Comedy and performing were just never on my radar, whatsoever.

Why had he not considered comedy as a career when he was younger? "I never thought it was possible," he says. "I'm from Navan in County Meath which is the same place as Tommy Tiernan and Dylan Moran and people like that which is odd because, I don't know if you've ever been here, but it's not a particularly funny town. I went to the same school as them but it's a football school. So comedy and performing were just never on my radar, whatsoever."

While in school he studied acting at the Gaiety School of Acting where he learned about improv and, as a consequence, how to write, but “over the course of the five years in secondary school I was just kind of discouraged from any creative path whatsoever. I signed up to do a business degree in NUIG and dropped out because I was just far too young. Then I went back to do French [and Spanish in Trinity] and thought ‘Okay. I’ll try and sneak into the creative bit by doing marketing or tourism after this.’… I did set up a kind of sketch troupe because we didn’t have a Cambridge Footlights type organisation…. I wrote for that, but I didn’t actually perform in it.”

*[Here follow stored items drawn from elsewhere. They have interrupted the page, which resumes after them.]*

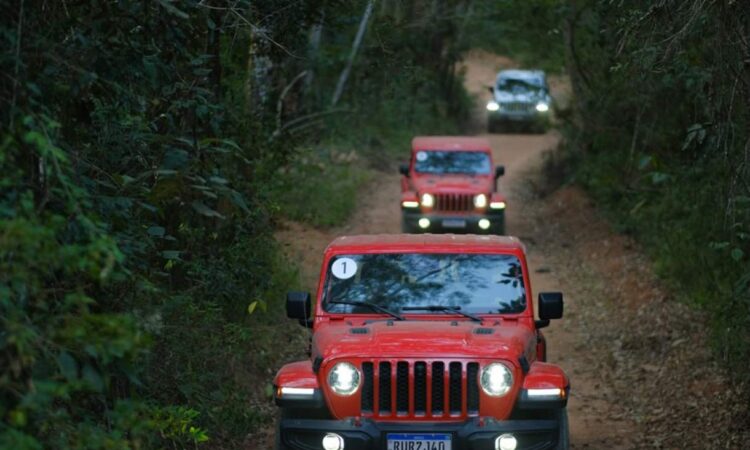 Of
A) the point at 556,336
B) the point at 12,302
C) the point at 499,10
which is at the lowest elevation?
the point at 556,336

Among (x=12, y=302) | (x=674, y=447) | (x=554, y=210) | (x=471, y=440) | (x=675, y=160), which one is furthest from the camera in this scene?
(x=554, y=210)

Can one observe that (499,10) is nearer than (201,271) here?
No

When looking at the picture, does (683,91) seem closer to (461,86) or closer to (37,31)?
(37,31)

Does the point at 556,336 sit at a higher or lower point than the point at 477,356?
lower

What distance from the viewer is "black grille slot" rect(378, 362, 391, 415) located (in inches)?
281

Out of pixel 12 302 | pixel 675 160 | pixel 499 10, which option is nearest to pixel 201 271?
pixel 12 302

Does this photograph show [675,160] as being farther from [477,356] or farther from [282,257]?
[477,356]

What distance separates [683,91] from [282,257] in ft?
19.9

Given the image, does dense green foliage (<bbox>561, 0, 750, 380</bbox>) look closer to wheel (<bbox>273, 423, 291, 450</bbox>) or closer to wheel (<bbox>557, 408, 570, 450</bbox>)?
wheel (<bbox>557, 408, 570, 450</bbox>)

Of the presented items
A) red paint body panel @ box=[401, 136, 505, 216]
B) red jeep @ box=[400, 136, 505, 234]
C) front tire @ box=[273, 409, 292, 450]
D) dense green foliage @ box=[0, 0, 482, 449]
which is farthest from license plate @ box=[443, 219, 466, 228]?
front tire @ box=[273, 409, 292, 450]

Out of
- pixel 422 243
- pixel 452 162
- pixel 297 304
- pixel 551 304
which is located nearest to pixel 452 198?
pixel 452 162

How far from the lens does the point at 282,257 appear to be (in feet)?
52.2

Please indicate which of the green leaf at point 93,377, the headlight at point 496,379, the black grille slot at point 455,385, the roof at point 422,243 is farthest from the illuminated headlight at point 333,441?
the green leaf at point 93,377

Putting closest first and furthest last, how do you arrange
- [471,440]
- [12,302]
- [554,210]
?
[12,302] → [471,440] → [554,210] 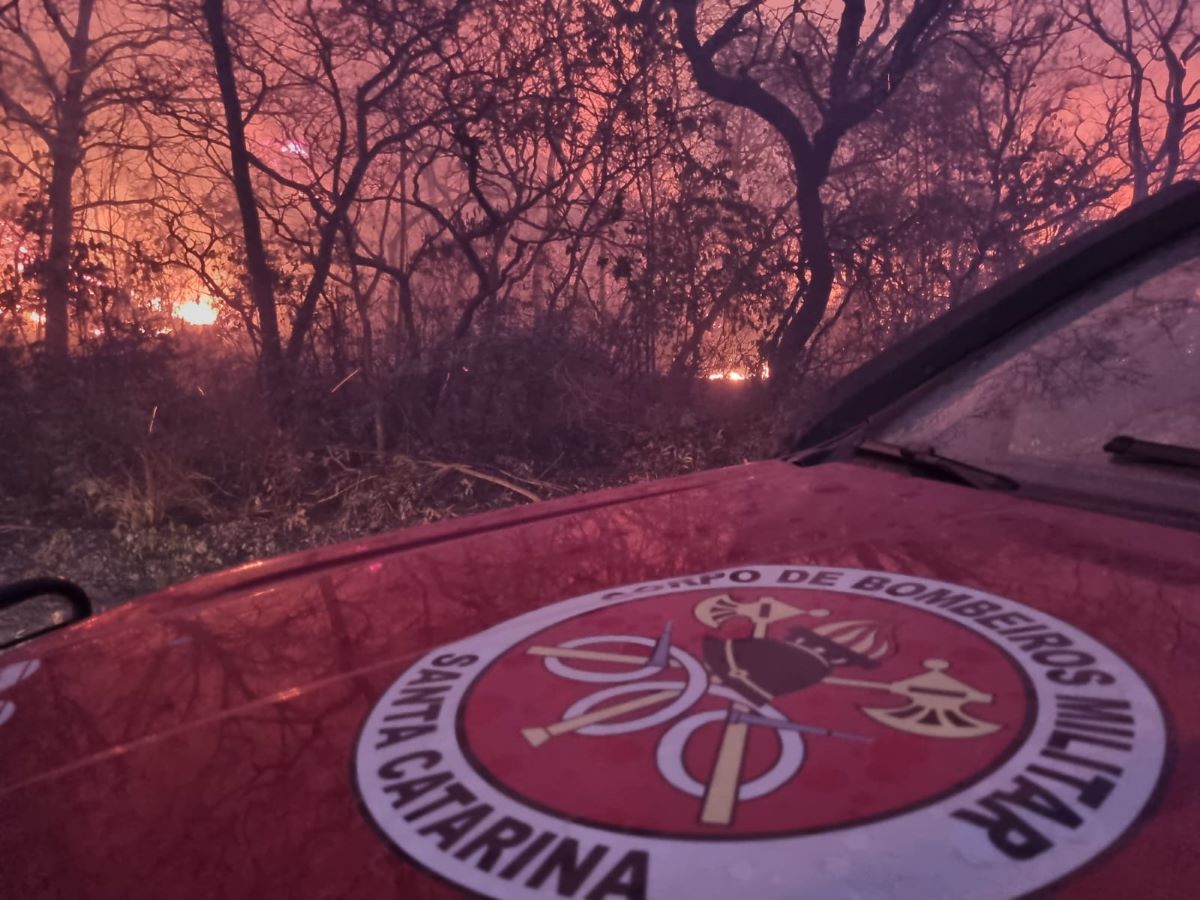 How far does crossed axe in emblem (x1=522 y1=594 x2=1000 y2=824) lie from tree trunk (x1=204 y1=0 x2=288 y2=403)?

Why not? “I had stage fright,” he says. “I’ve never done live stuff ever. It absolutely terrifies me. The idea of being heckled, I think, scares me more than anything else.”

Has the internet enabled a new breed of shy comedian, who wouldn't necessarily flourish in the world of live stand-up comedy? He thinks possibly so. "There are certain people on Facebook who are personalities, and they are bright brash and wonderful. But I do characters, and I hide behind them. I'm never really myself in most of my stuff. It's a way of being somebody else."

My humour is very referential. Lots of the stuff I talk about is based on something else… I will use the format and the structure of that to make something new.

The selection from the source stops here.